[Dataset excerpts]
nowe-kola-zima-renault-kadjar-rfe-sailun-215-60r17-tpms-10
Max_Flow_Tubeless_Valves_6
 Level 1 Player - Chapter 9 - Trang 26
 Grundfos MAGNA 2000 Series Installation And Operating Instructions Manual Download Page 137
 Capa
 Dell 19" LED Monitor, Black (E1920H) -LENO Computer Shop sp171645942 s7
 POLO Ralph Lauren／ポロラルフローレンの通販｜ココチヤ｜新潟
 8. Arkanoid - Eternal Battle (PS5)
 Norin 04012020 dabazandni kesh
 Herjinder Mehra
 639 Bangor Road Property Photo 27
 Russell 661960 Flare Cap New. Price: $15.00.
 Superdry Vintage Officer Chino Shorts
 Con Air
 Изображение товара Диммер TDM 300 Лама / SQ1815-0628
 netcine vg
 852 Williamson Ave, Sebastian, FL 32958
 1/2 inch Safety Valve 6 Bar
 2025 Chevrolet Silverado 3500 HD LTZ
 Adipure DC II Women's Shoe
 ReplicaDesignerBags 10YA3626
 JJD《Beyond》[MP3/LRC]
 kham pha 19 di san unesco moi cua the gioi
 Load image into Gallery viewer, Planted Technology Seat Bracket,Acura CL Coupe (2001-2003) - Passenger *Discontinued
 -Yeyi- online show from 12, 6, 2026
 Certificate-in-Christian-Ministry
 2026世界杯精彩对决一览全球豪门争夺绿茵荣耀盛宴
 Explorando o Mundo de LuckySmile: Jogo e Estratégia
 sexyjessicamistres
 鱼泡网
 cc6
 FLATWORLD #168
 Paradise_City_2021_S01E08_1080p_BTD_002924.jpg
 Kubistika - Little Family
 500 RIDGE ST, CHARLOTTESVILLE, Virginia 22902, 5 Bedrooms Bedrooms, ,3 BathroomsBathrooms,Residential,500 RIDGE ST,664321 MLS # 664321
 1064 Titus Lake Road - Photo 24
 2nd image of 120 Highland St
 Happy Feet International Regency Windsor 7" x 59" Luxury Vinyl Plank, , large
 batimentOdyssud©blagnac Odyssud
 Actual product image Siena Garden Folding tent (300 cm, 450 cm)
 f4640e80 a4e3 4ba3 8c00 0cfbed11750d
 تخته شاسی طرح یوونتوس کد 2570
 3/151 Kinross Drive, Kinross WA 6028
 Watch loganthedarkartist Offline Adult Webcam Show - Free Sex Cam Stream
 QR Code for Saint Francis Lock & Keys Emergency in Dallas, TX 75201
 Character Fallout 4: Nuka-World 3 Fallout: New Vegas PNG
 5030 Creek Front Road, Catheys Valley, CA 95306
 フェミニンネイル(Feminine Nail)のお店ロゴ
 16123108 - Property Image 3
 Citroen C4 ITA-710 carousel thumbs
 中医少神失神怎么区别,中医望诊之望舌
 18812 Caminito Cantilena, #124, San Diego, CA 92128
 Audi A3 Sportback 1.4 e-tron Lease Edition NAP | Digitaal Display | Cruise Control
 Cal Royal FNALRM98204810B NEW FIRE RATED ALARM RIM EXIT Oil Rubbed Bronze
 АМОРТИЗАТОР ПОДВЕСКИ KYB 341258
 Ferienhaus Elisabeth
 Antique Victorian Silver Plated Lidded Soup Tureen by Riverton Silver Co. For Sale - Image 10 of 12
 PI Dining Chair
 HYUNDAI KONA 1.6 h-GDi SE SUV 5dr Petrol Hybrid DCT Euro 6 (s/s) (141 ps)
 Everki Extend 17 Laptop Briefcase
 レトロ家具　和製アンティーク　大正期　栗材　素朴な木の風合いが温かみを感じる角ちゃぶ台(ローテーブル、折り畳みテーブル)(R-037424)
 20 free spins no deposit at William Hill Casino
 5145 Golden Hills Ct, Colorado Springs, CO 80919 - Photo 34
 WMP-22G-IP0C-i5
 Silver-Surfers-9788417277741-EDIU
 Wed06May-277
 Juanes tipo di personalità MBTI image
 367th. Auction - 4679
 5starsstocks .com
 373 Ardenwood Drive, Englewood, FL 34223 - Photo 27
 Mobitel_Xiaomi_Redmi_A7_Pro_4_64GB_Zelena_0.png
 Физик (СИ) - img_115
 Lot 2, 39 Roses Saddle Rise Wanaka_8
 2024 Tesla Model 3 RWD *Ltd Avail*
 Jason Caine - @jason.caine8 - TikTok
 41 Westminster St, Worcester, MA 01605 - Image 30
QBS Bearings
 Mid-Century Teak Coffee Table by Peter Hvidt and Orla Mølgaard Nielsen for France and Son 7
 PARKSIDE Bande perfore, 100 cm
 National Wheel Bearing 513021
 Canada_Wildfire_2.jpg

TASK DIRECTIONS → Print the line containing "Silver-Surfers-9788417277741-EDIU" and every line after it to the end of the records above, exactly as written, and nothing else.

SOLUTION FOR THIS PROBLEM →
 Silver-Surfers-9788417277741-EDIU
 Wed06May-277
 Juanes tipo di personalità MBTI image
 367th. Auction - 4679
 5starsstocks .com
 373 Ardenwood Drive, Englewood, FL 34223 - Photo 27
 Mobitel_Xiaomi_Redmi_A7_Pro_4_64GB_Zelena_0.png
 Физик (СИ) - img_115
 Lot 2, 39 Roses Saddle Rise Wanaka_8
 2024 Tesla Model 3 RWD *Ltd Avail*
 Jason Caine - @jason.caine8 - TikTok
 41 Westminster St, Worcester, MA 01605 - Image 30
QBS Bearings
 Mid-Century Teak Coffee Table by Peter Hvidt and Orla Mølgaard Nielsen for France and Son 7
 PARKSIDE Bande perfore, 100 cm
 National Wheel Bearing 513021
 Canada_Wildfire_2.jpg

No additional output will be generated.